Eine Geschichte, wenn sie authentisch und wahr erzählt wird, sagt als Gegenmittel mehr als Tausend guter Mahnungen und als viele statistische Zahlen. Ich denke da an Geschichten wie die des mutigen Schindler dort im Film, ich denke aber auch an viele Geschichten, die ich in meinem Beruf hörte und erfuhr.

m Da ist genau vor 80 Jahren am Kriegsende des 1. Weltkriegs der Deilinghofer Pfarrer Niederstein, der - allem Hurra-Patriotismus und der Kriegsbegeisterung seiner Zeit zum Trotz - der Nachwelt ein Dokument hinterließ, wie schwer er daran trug, daß seine ehemaligen Konfirmanden auf den Schlachtfeldern andere Menschen töten mußten, daß sie zum Teil umkamen und viele im Krieg den Glauben verloren.

Da ist der alte Mann, ein Witwer, der mir vorige Woche noch erzählte, wie Stalin ein Teufel wie Hitler für ihn war und wie der kommunistische Terror des Stalinismus ihn psychisch und körperlich fertiggemacht hatte und wie er jahrelang nach dem Krieg dann im schlimmsten DDR-Gefängnis im Loch von Bautzen kaputtgemacht wurde.

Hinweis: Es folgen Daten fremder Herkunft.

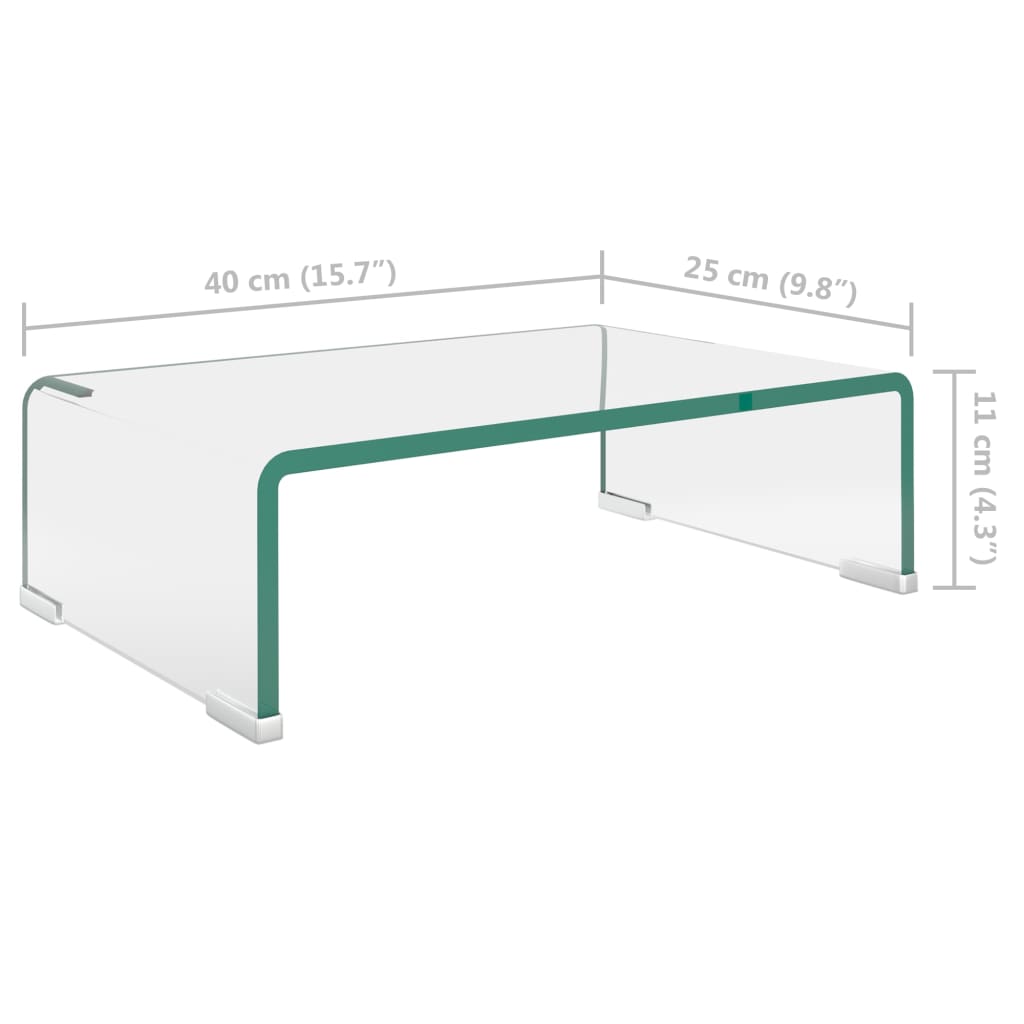 Meuble TV/rehausseur de moniteur 120x30x13 cm verre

m Da ist die Flüchtlingsfrau aus Apricke, die immer wieder betont, daß kein einziger Einheimischer begreifen könnte, was im Krieg für die Vertriebenen vorfiel und wie sich das in die Lebensgeschichte bis zum heutigen Tag einbrannte, daß man über diese schrecklichen Vergewaltigungen durch russische und polnische Soldaten nicht hinwegkommen könnte. Die Frau erzählte mir auch, daß es sie viel gekostet habe, nicht mehr von dem Russen und dem Polen zu reden, als wären alle Russen und alle Polen so, wie sie es bei der Vertreibung erlebte.

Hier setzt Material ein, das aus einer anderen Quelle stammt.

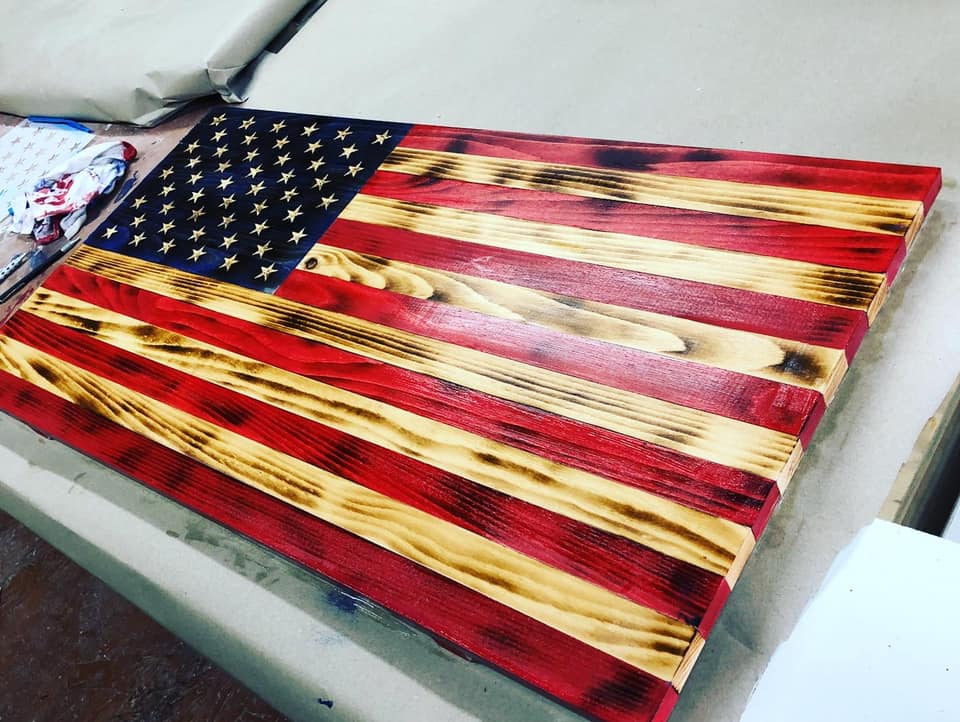 iCraftWoodGoods — Custom Engraved Wood American Flags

m Da ist ebenfalls aus Apricke der Mann, der am Ende seines Lebens mir sagte, er sei der Hölle von Stalingrad entkommen als 18jähriger durch einen "Heimatschuß" - und das genau wäre für ihn unverlierbar der Beginn gewesen, daß er zum Beten gekommen sei.

In solchen Geschichten mitten unter uns sind Erfahrungen verwahrt, die um keinen Preis jemals vergessen werden dürfen. Vielleicht hat Gabriel Marcel Recht: "Weil die Toten schweigen, beginnt alles wieder von vorn!", vielleicht hat er Recht mit der darin steckenden Vermutung, daß der Mensch nicht ohne weiteres etwas aus der Geschichte lernen kann.

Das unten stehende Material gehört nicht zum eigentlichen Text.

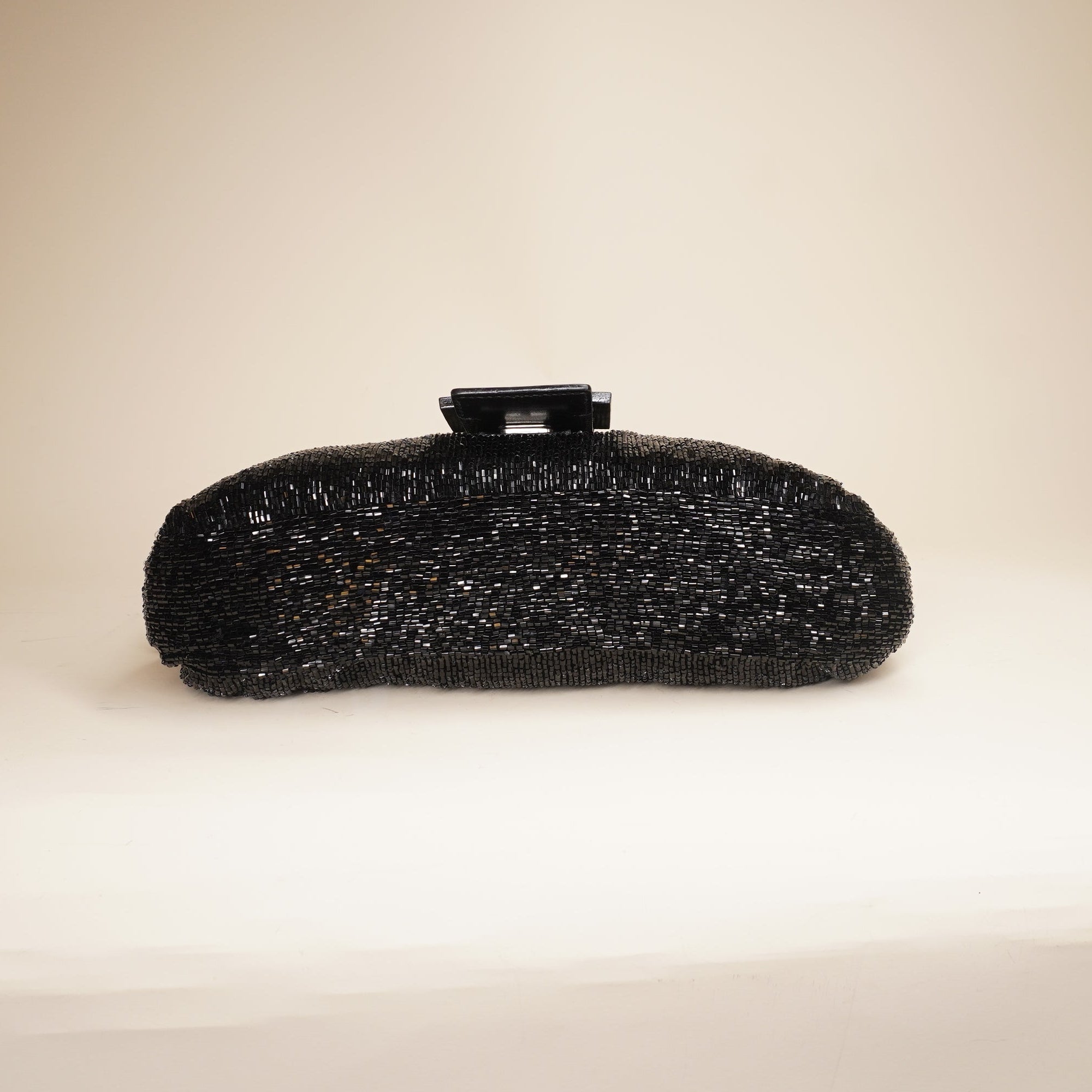 PRE-OWNED FF Black Sequin Beaded Baguette Shoulder Bag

Wer von uns sich aber einen Glauben und ein Gewissen bewahrt hat, nicht nur für sich selbst, sondern auch in weiteren Zusammenhängen, der möge trotzdem darauf hören, hören auf diese Stimme, damit um Gottes willen nicht alles wieder von vorn beginnt.

So gedenken wir auf diesem Hintergrund hier an diesem Mahnmal der Opfer in diesem Jahrhundert in zwei höllischen Kriegen, der gefallenen Soldaten, der Gefangenen, Vertriebenen und Verschleppten, der Vergewaltigten und Gefolterten, der Menschen, die in Lagern umkamen und die im Teufelssystem von braunen und roten Terrorregimes falschem Gehorsam unterworfen wurden und besonders derer, die deren Opfer wurden. Wir gedenken der Opfer in den Kriegsgebieten unsere Tage, besonders der massenweise vergewaltigten Frauen und der zusammengeschossenen Kinder. Wir denken an uns selbst, an unsere Friedlosigkeit; wir denken in unserm Verantwortungsbereich an unsere gefährdeten Jugendlichen, die neu mit Teufeleien zu flirten können meinen. Und wir beten, daß Menschen mit Zivilcourage und Selbstkritik weiter für ein Leben kämpfen mit Sinn und Verstand. Ich erlaube mir, mit einem Gebet um wahren Frieden zu schließen: "Verleih uns Frieden gnädiglich, Herr, Gott, zu unsern Zeiten. Es ist doch ja kein andrer nicht, der für uns könnte streiten, denn du, du unser Gott alleine." Amen. Ich danke Ihnen.